Work to be completed: So that the copy stays text only, transcribe the data below exactly and exclude the images.

Exercise materials:

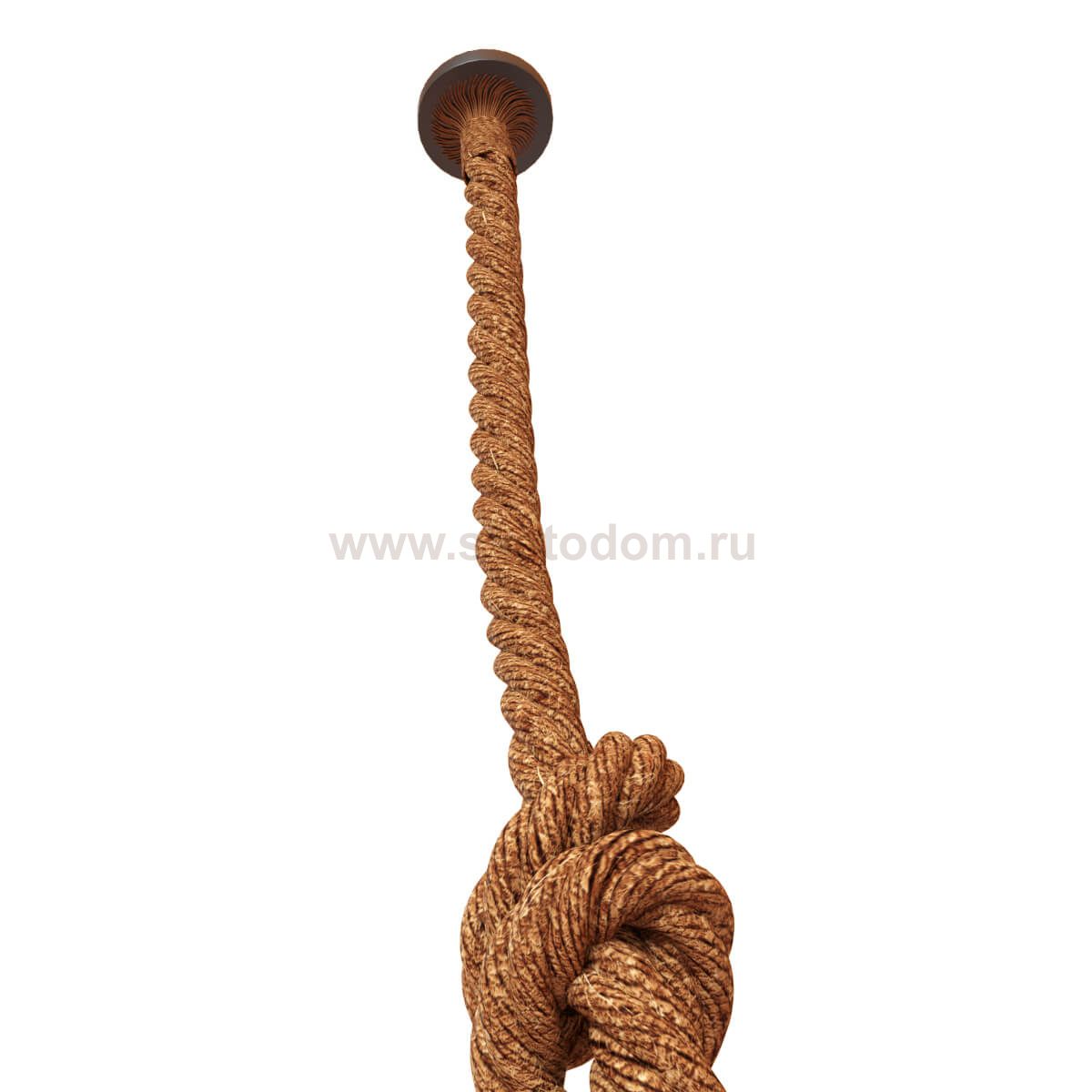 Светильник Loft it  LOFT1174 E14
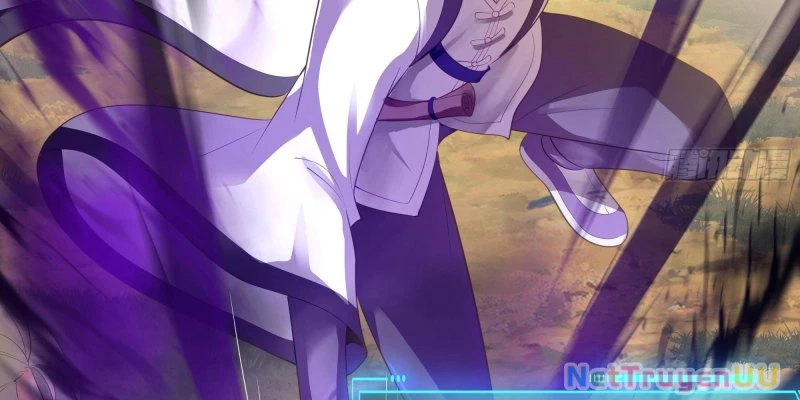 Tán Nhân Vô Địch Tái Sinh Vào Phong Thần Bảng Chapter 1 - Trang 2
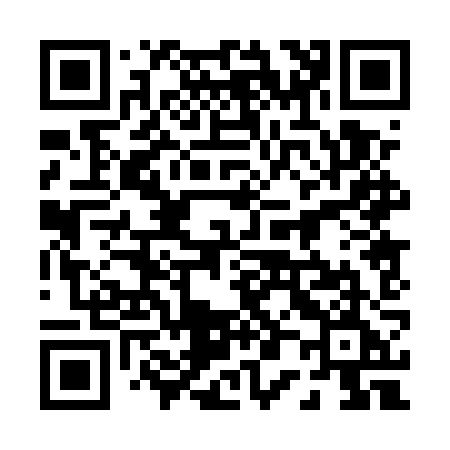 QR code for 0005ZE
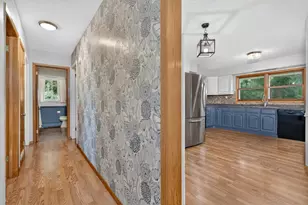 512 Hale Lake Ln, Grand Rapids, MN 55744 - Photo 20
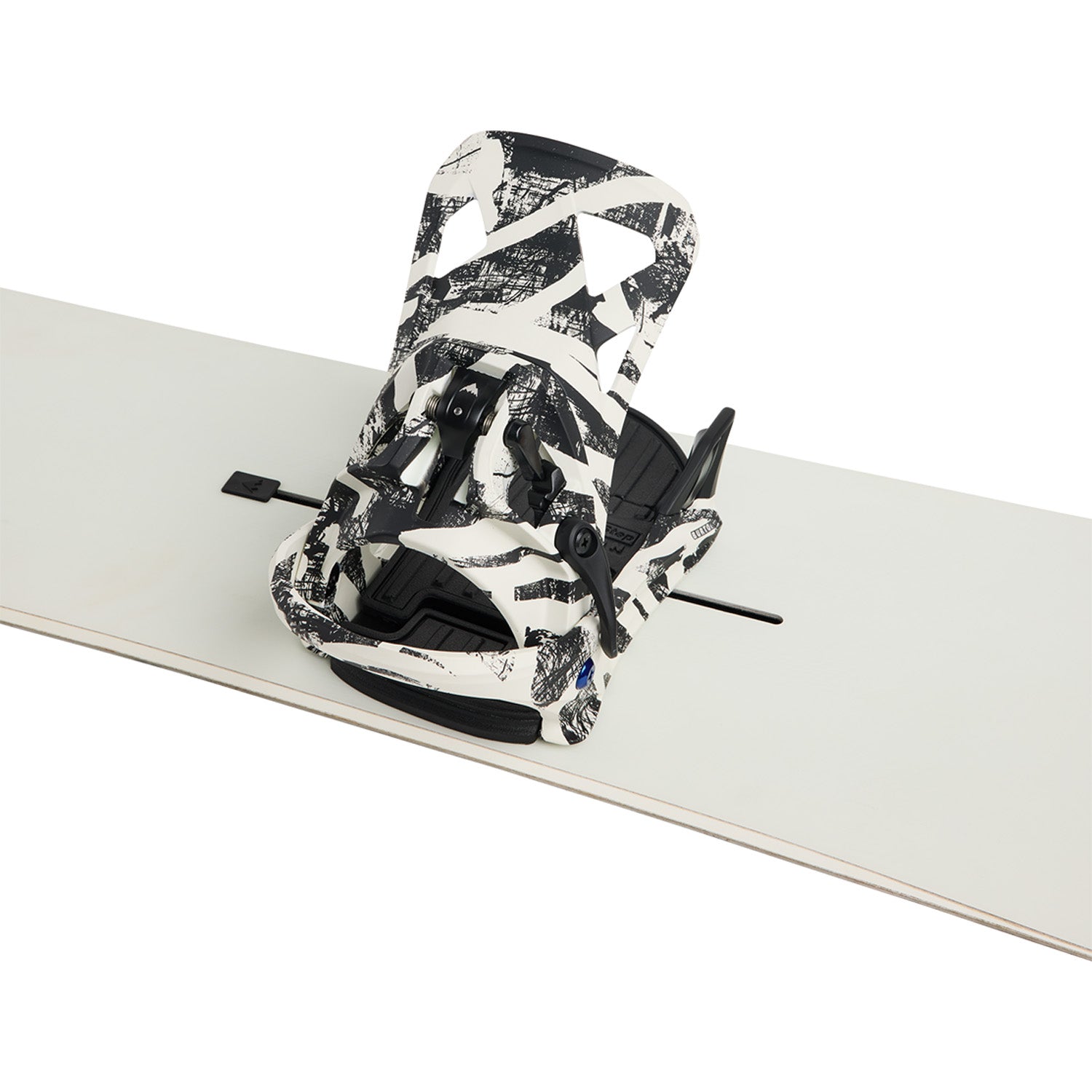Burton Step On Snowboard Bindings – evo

Response box:
 Светильник Loft it  LOFT1174 E14
 Tán Nhân Vô Địch Tái Sinh Vào Phong Thần Bảng Chapter 1 - Trang 2
 QR code for 0005ZE
 512 Hale Lake Ln, Grand Rapids, MN 55744 - Photo 20
Burton Step On Snowboard Bindings – evo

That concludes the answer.